= Confusopoly =

Intentionally confusing marketing

Confusopoly (aka Dilbert's confusopoly) is confusing marketing designed to prevent the buyer from making informed decisions. The term was invented by Scott Adams in his comic strip Dilbert. Adams defined a confusopoly as "a group of companies with similar products who intentionally confuse customers instead of competing on price". For example, similar items like mobile phones are advertised at various price plans according to different combinations of available minutes, text messaging capabilities and other services, thus making these offers practically incomparable when it could be easy to price similar units of usage to allow informed comparisons. The term confusopoly also applies because confusion within the targeted consumer group is purposefully maintained, so choices are based on emotional factors.

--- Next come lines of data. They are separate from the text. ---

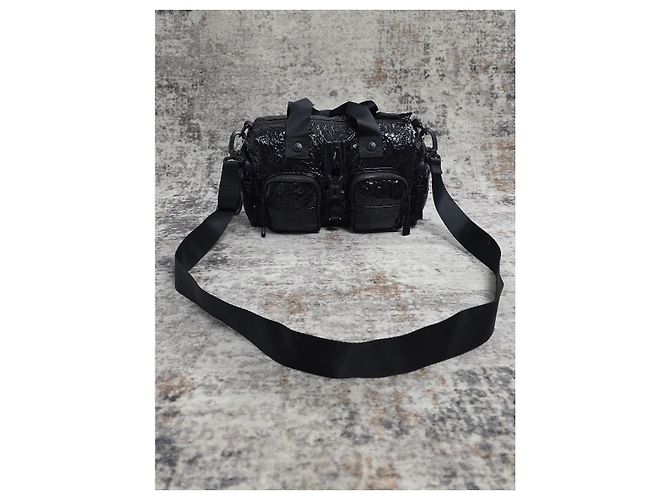 Autre Marque Borsa George Gina & Lucy Zoomy - Nero - vista 3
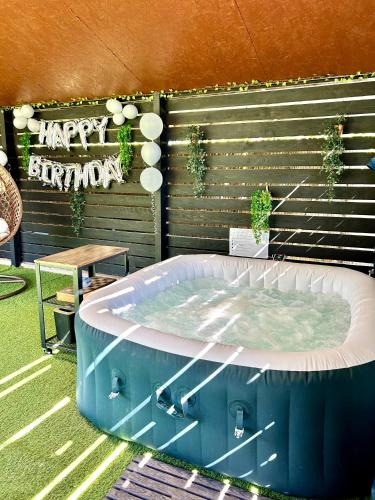 Hajduszoboszlo House | TT Relax - Private Jakuzzi - Hajdúszoboszló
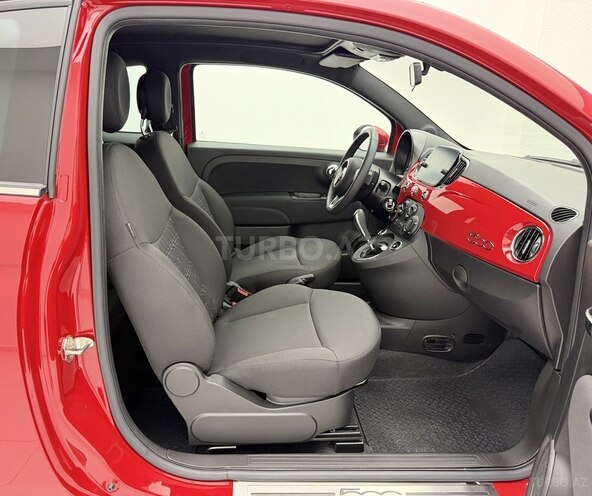 Fiat 500 2023, 4,600 km - 1.2 l - Bakı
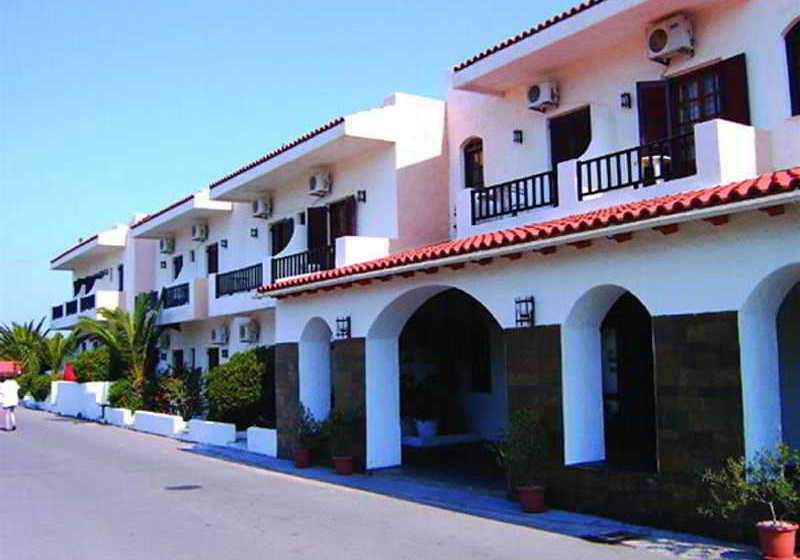 בית מלון כפרי Galini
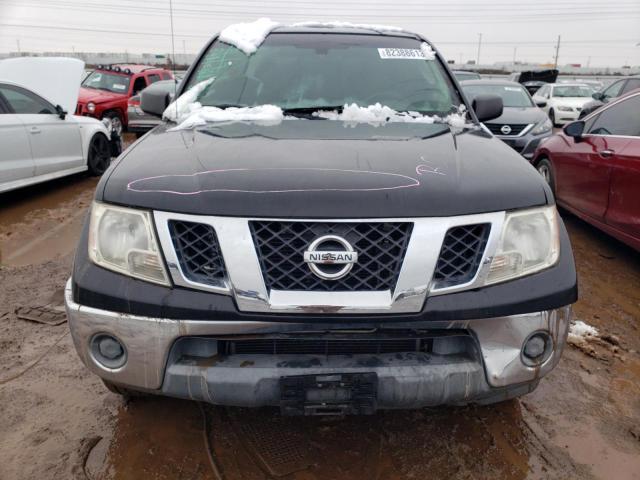 2010 NISSAN FRONTIER KING CAB SE for Sale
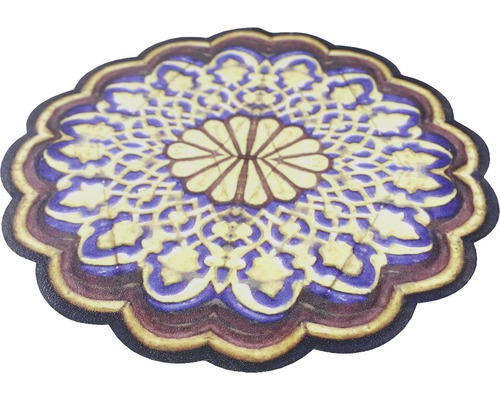 Suport decorativ cu model oriental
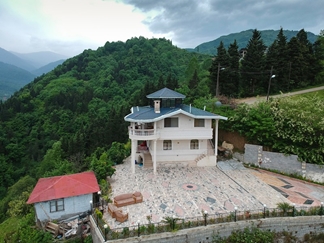 رزرو ویلا جاده جواهرده رامسر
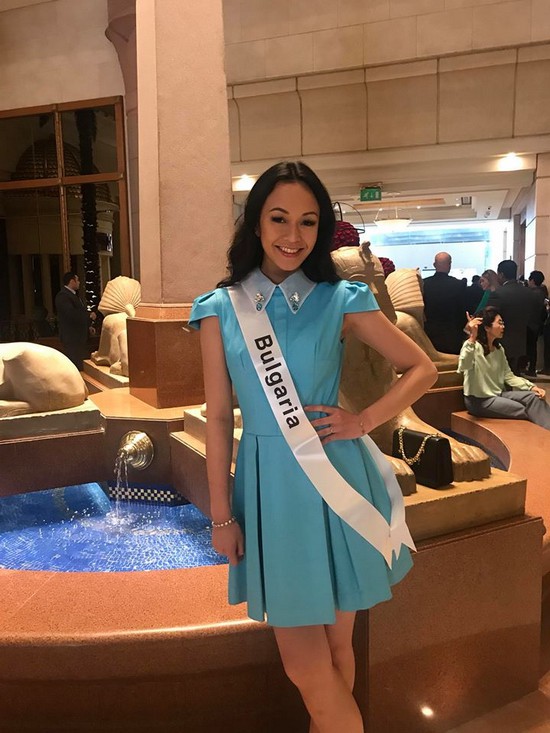 Chân dung cô gái gốc Việt lọt Top 15 Tài năng - Miss Eco International 2018 - Ảnh 9.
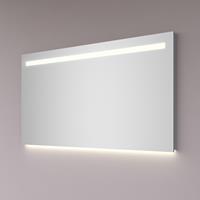HIPP design 4000 spiegel met LED verlichting, backlight en spiegelverwarming 100x70cm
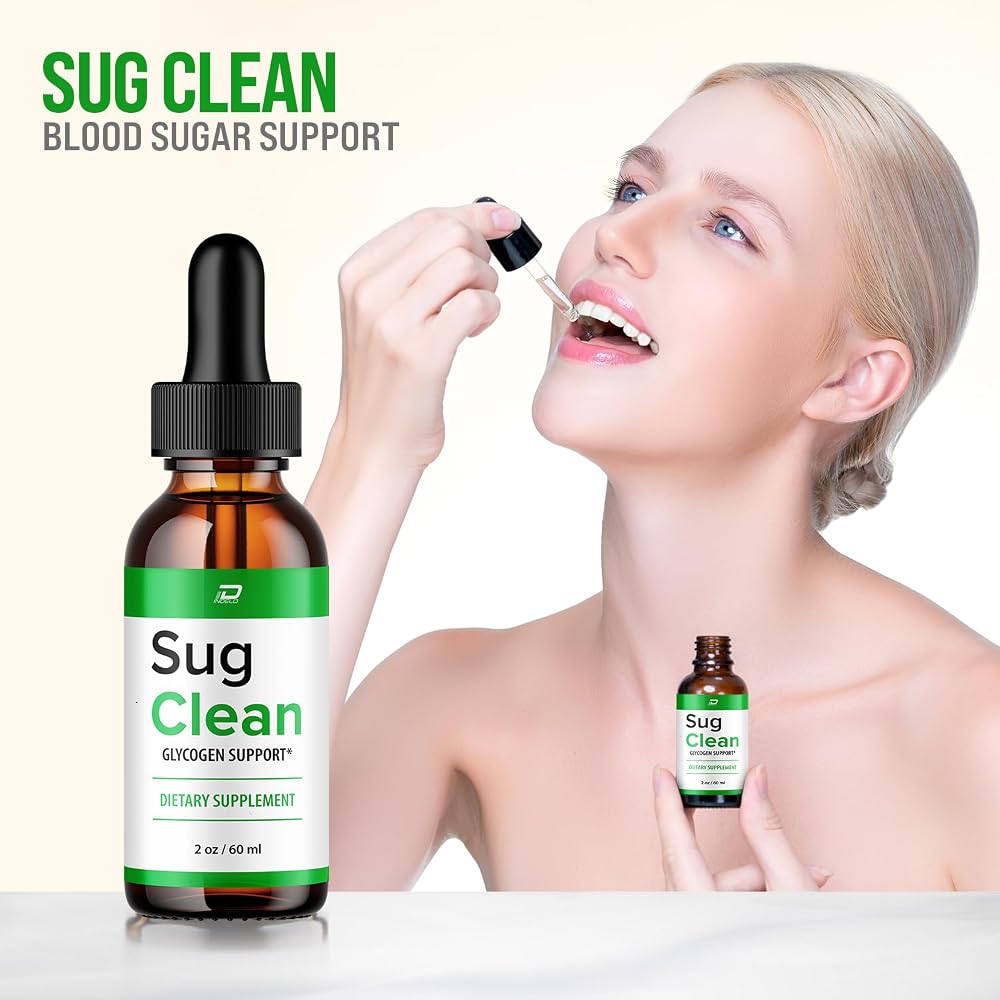 Indelo Sug Clean Drops Extra Strength Glycogen Liquid - 2 Fl Oz - image 2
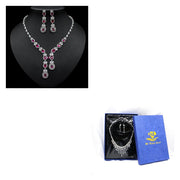 Jewelry Temperament Set Chain Ladies Earrings – Jewelry Gift Ideas — 13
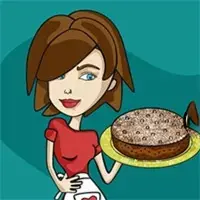 Chocolate Cake Making Game game image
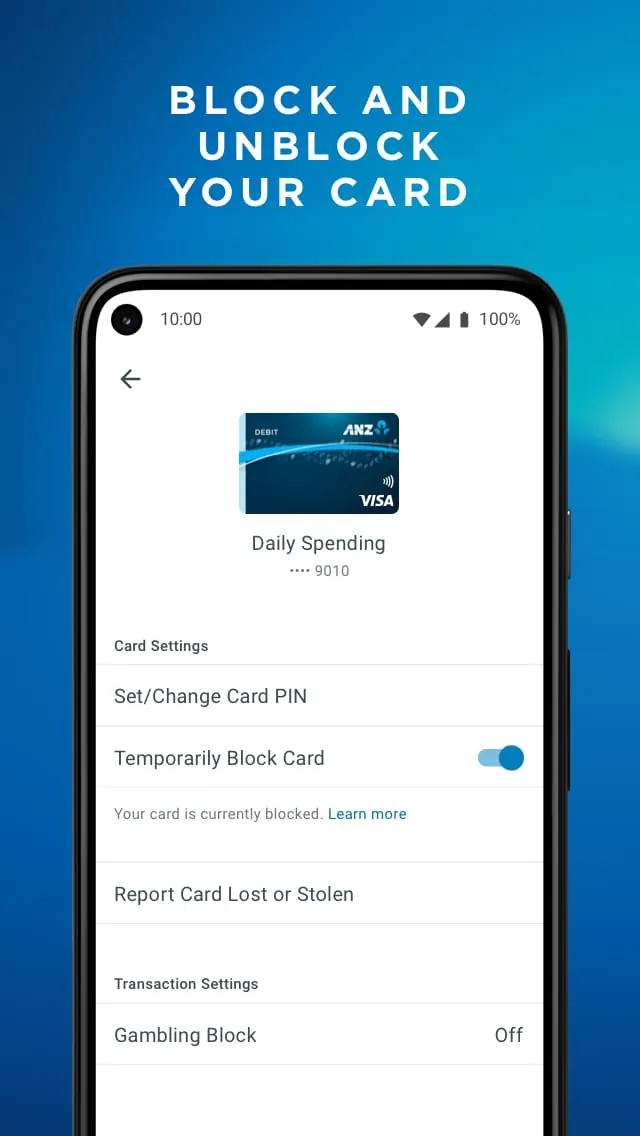 ANZ Australia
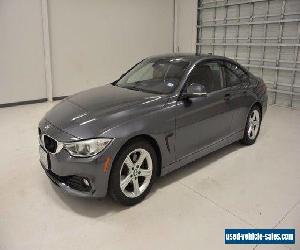 2014 BMW 4-Series Base Coupe 2-Door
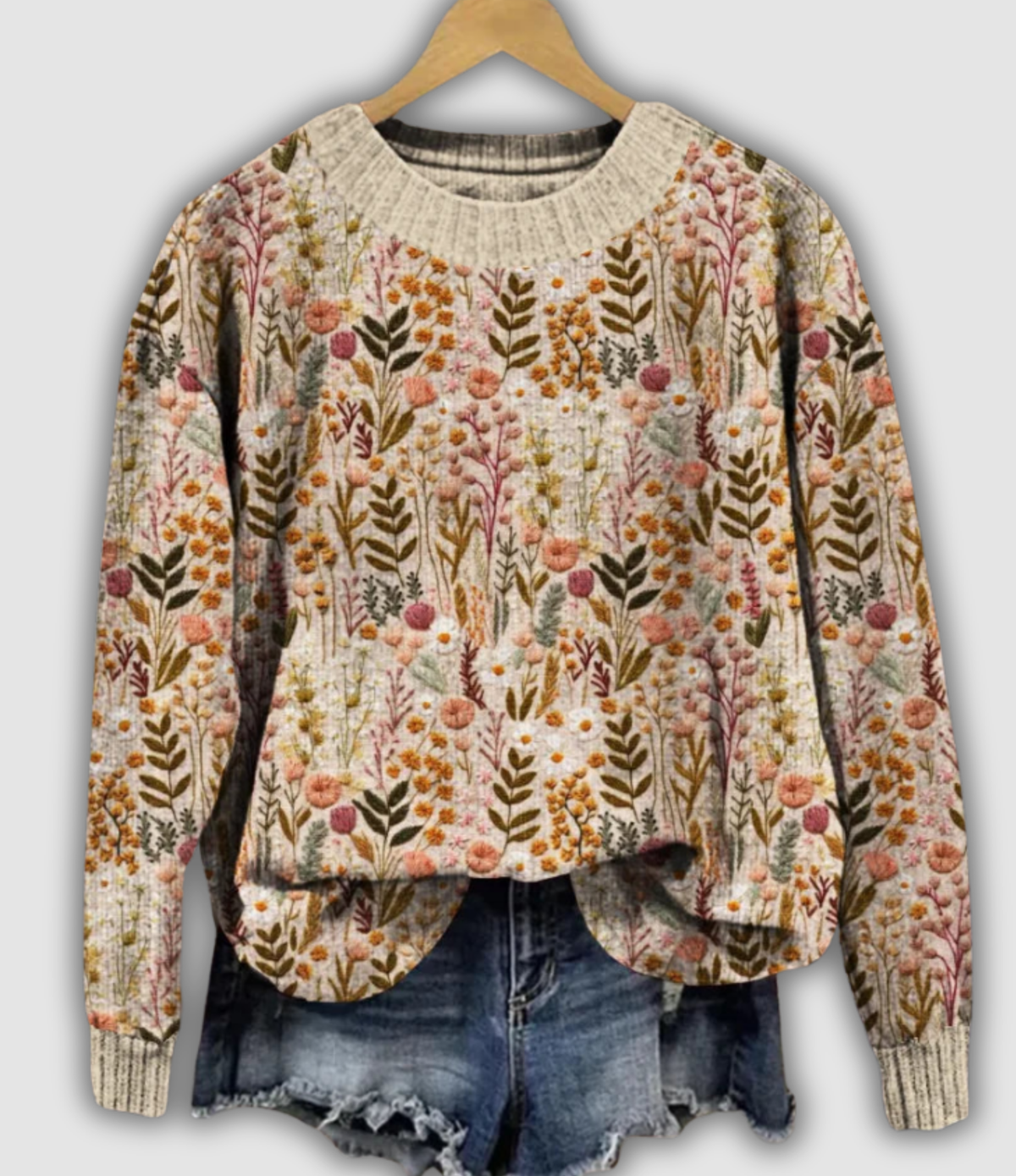 FLORA™ | RETRO-GENSER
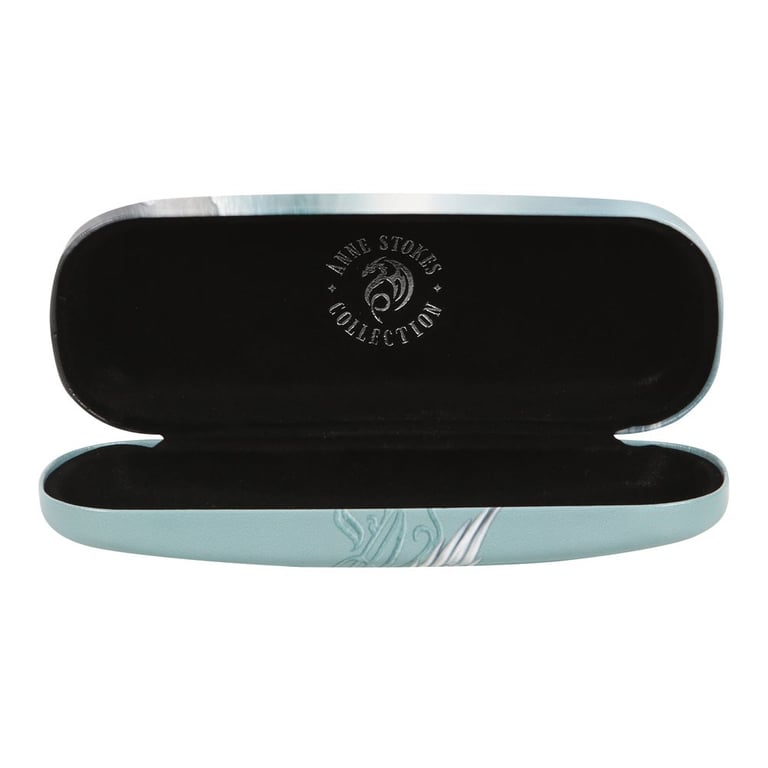 Anne Stokes Spirit Guide Hard Shell Glasses Case with Microfiber Cleaning Cloth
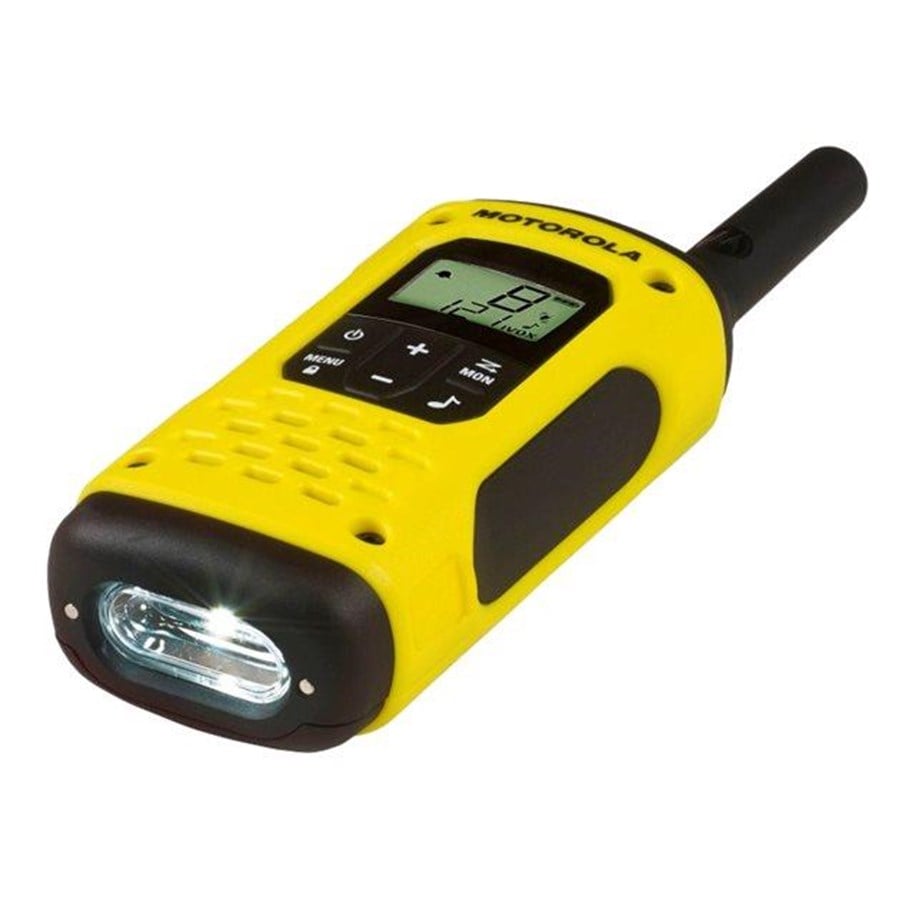 Batterie De Remplacement Pour Talkie-walkie Motorola - 3.6V 700mAh NiMH - Compatible T9680, T82, T92 Et Plus - 10
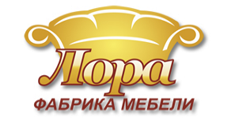 Логотип Салон мебели «Лора»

In reality, the mobile phone market is a perfect example of Dilbert's confusopoly. That is, various price propositions are on offer with different combinations of free minutes, texts, and other services, whilst in reality the same level of usage would result in roughly the same cost, leaving the user so confused that they simply choose the product with the name they like the most—a fact most notably recognised by the operator Orange with their animal-themed tariffs, such as Dolphin and Raccoon, and by LG who give their phones names such as Chocolate and Shine. Indeed, there has been a recent trend to take this a step further with co-branding of phones such as LG's Prada, and Samsung's Armani offerings.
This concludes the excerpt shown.